Source data Block Start

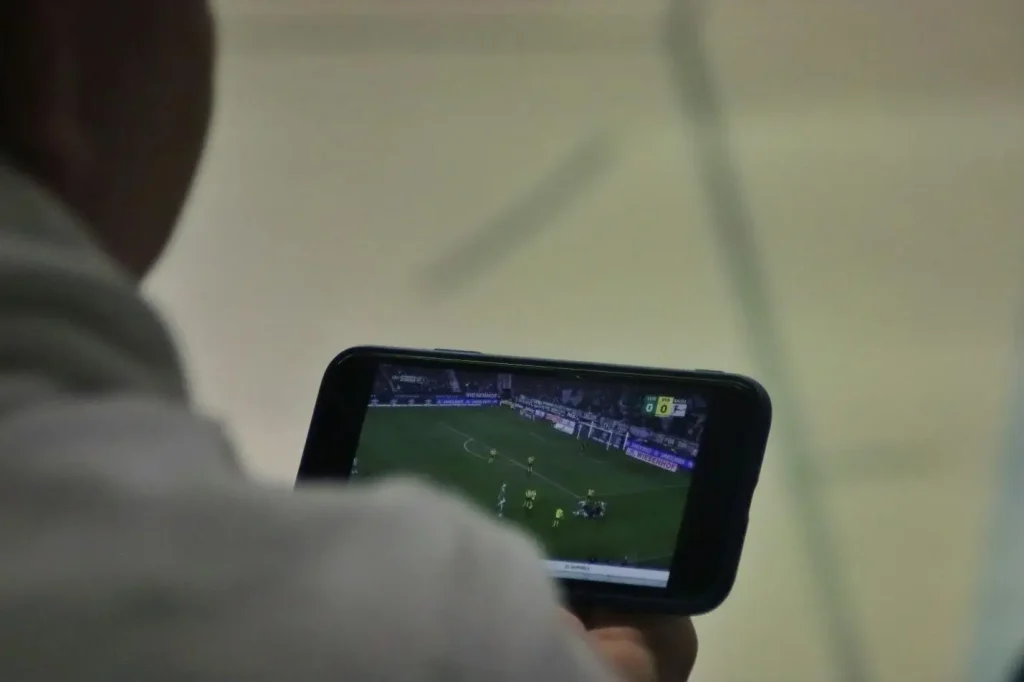 Person watching football match on smartphone screen indoors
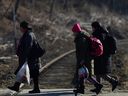 Ukrainian refugees fleeing Russia's invasion of Ukraine, walk after crossing the border between Ukraine and Poland, in Kroscienko, Poland, Tuesday, March 22, 2022.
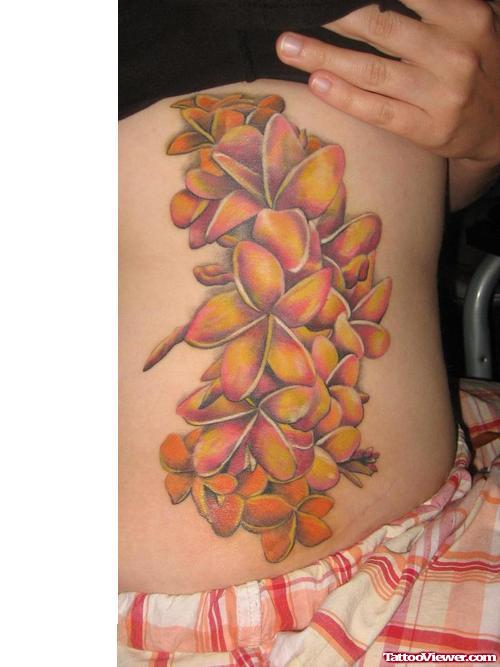 Color Ink Hawaiian Flowers Tattoos On Girl Side Rib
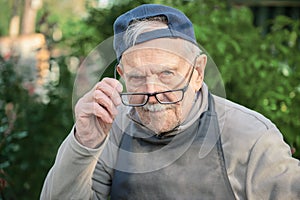 Tired old man looks at his interlocutor, adjusts his glasses. The old man can`t see very well without his glasses photo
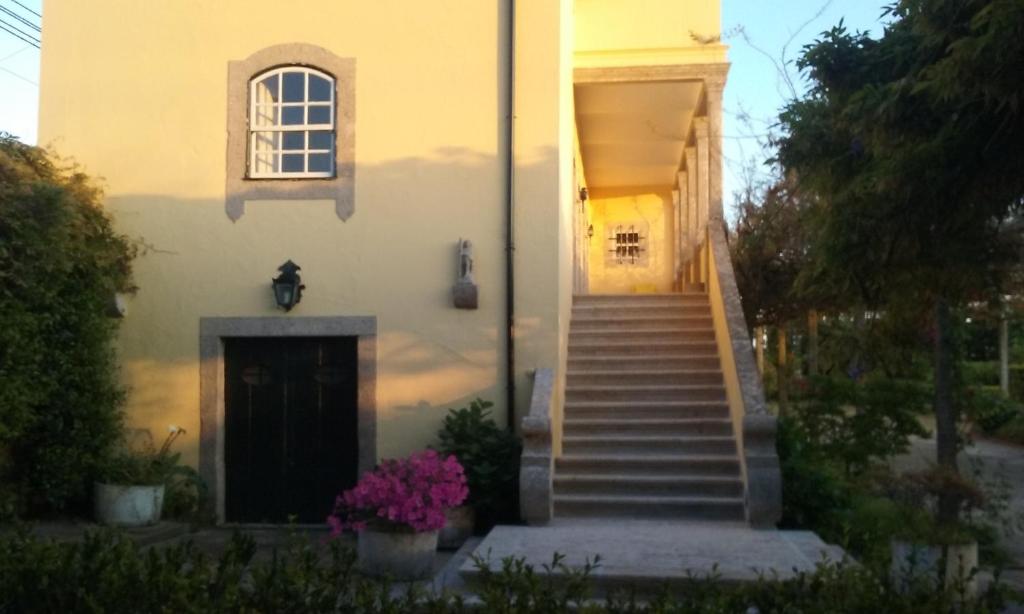 una casa blanca con escaleras y una puerta y flores en Casa de São João en Viana do Castelo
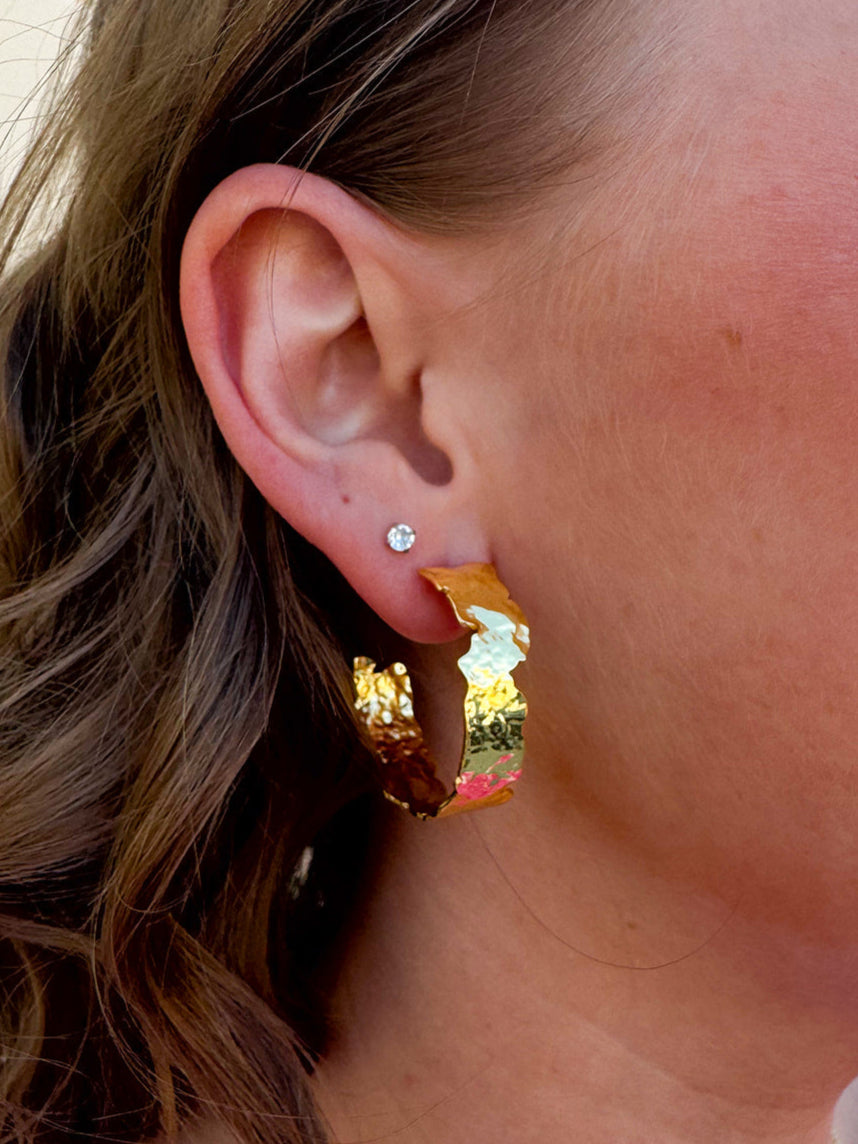 Pair of artisan-style gold-plated hoop earrings with smooth, rounded finish.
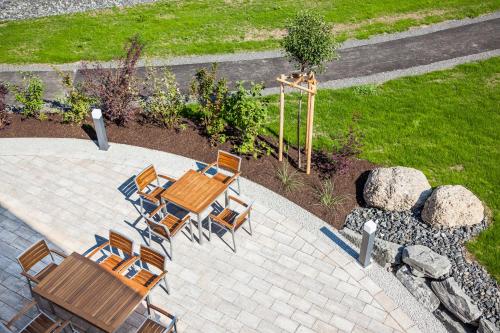 an overhead view of a patio with a table and chairs at Hierlhof in Immenstadt im Allgäu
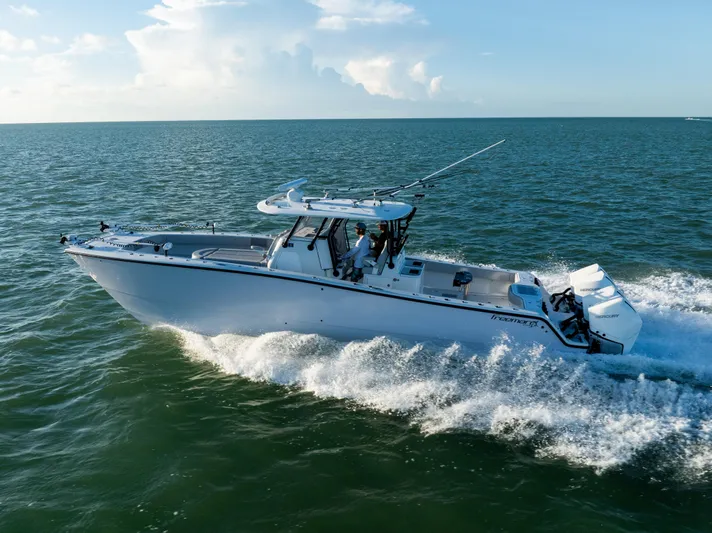  Yacht Photos Pics Freeman 37 VH 2020 boat cruising on open water under clear skies.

Source data Block End

What you are asked to do: Copying starts at the line containing "Color Ink Hawaiian" and ends at the last line of the material above; repeat only those lines exactly and omit the pictures.

Solution to the problem:
 Color Ink Hawaiian Flowers Tattoos On Girl Side Rib
 Tired old man looks at his interlocutor, adjusts his glasses. The old man can`t see very well without his glasses photo
 una casa blanca con escaleras y una puerta y flores en Casa de São João en Viana do Castelo
 Pair of artisan-style gold-plated hoop earrings with smooth, rounded finish.
 an overhead view of a patio with a table and chairs at Hierlhof in Immenstadt im Allgäu
  Yacht Photos Pics Freeman 37 VH 2020 boat cruising on open water under clear skies.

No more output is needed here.